Le emociona escuchar que Marco la quiere, tanto como ella a él.
-¿Por qué lo hacen?, ¿por qué nos ayudan?
-Me temo que porque creen que su amigo corre peligro de muerte.
-Eso significa que…
-Que Marco también podría morir.
-Doctor, por favor, no puede permitirlo –las lágrimas desfilan por sus pálidas mejillas, como un caudal continuo.
-Haremos todo lo que esté a nuestro alcance. No temas. Como te dije, él hoy está mejor que nunca, lo que me da a entender que el Duende no lo está pasando bien.

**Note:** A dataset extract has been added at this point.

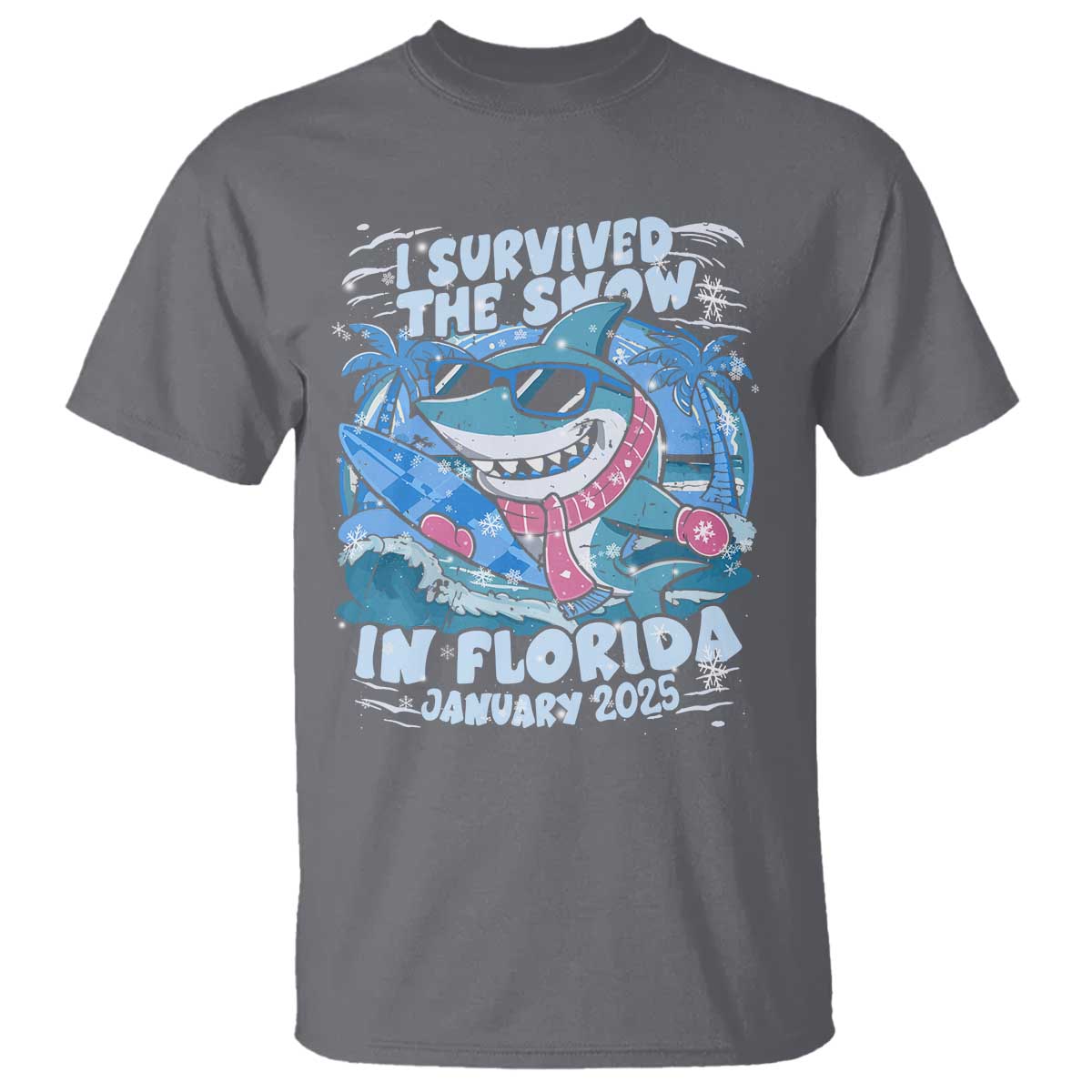 Funny I Survived The Snow In Florida 2025 T Shirt Shark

-Cuando todo esto termine, si Marco vuelve a ver a Doris ¿correrá el mismo peligro?
-Me temo que si.
-Quiero verlo, cuanto antes.
-Primero hablaré con tu señora madre –comenta levantándose del sillón- y luego iremos a mi casa.
Hans se quedó de pie en la sala y Carolina fue en busca de su madre. Los dos adultos sostuvieron una larga conversación, que ella pudo presenciar en silencio, y luego ambos se encaminaron por la larga callecita adoquinada a cumplir la misión que ambos debían enfrentar.